• INFORMATION SUPPLIED:
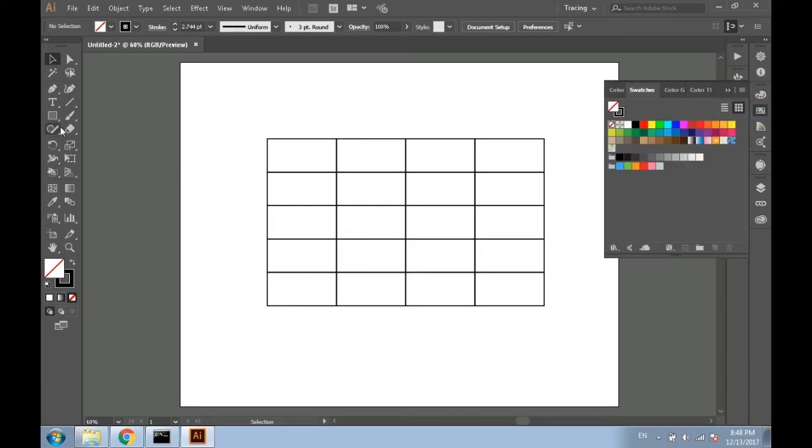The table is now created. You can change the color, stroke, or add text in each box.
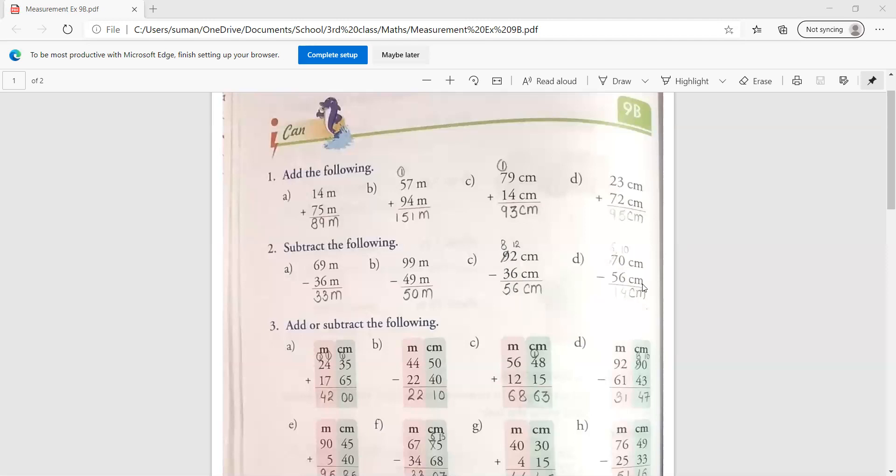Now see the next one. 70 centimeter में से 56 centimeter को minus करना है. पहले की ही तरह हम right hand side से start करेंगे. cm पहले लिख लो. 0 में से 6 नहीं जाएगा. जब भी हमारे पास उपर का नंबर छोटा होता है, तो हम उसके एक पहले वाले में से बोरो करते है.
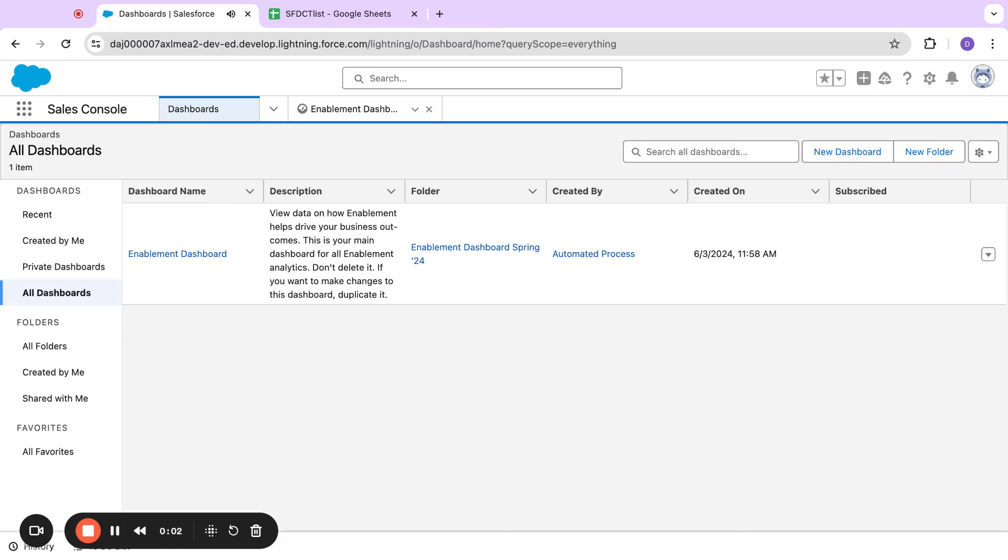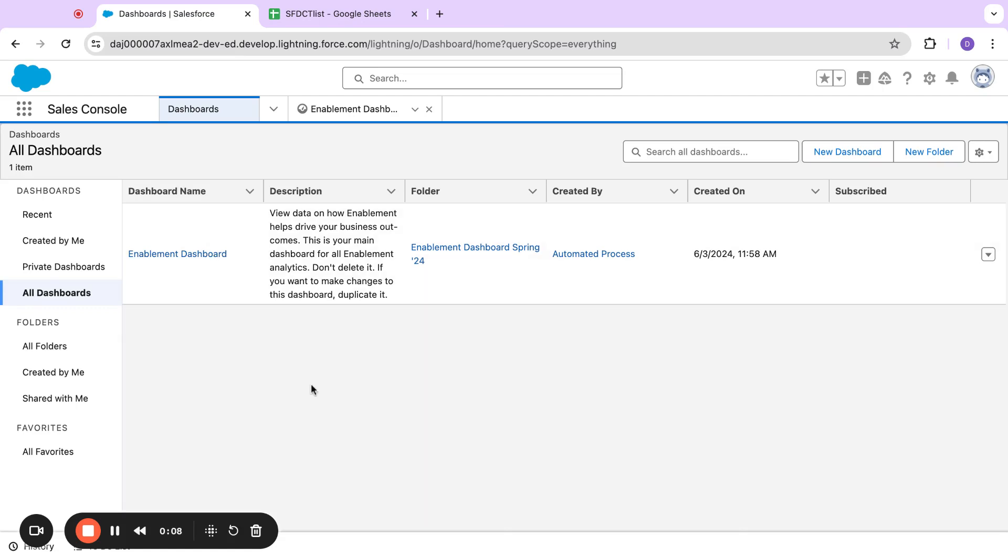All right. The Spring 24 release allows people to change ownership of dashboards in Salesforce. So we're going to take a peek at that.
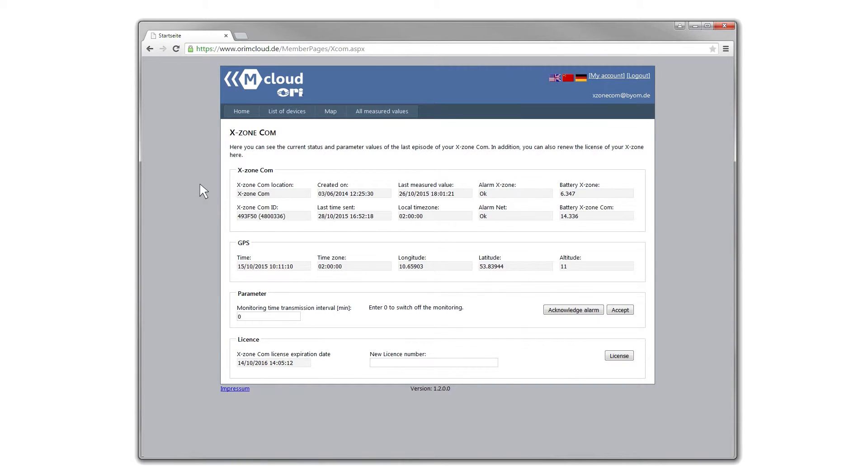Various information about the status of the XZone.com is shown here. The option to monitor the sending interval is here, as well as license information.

• YOUR ASSIGNMENT: A word-for-word copy of all the data is required, minus the pictures.

• TASK OUTPUT:
The table is now created. You can change the color, stroke, or add text in each box.
Now see the next one. 70 centimeter में से 56 centimeter को minus करना है. पहले की ही तरह हम right hand side से start करेंगे. cm पहले लिख लो. 0 में से 6 नहीं जाएगा. जब भी हमारे पास उपर का नंबर छोटा होता है, तो हम उसके एक पहले वाले में से बोरो करते है.
All right. The Spring 24 release allows people to change ownership of dashboards in Salesforce. So we're going to take a peek at that.
Various information about the status of the XZone.com is shown here. The option to monitor the sending interval is here, as well as license information.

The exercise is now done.